那幾個蘇家的年輕人顯然也有點怕了,怒視著我也不敢多言,急忙攙扶起那個受創昏迷的少年,匆匆離去了。
至于他們帶來的那些仆從,也紛紛停止了哀嚎,滿臉驚恐的看著我和王華,一點點的爬著離開了大宅門口。

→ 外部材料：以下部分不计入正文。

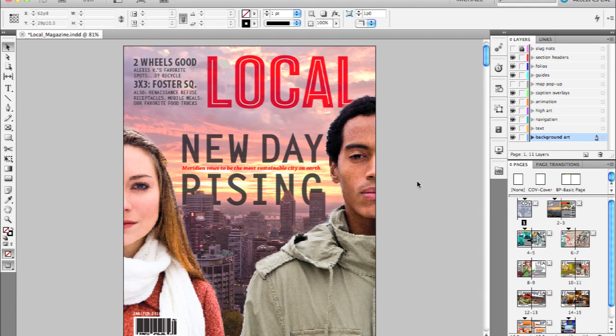So there you have it, PDF export in the background, pretty simple feature to take advantage of. It just works the way you expect it to.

等大宅門口清凈之后,我和王華同時看向了距離大宅門口不遠處的那處拐角巷口處。
蘇銘拎著一壺酒,醉醺醺的朝這邊走來。
“讓你囂張跋扈些你不聽,現在好了吧,什么阿貓阿狗的都來找麻煩!”蘇銘打著酒嗝說道。
我沒好氣的說道:“你剛剛如果不出手的話,信不信他們都得爬著離開木塑坊!你是怕我下手太狠,把剛剛那幾個二世祖給干掉吧?”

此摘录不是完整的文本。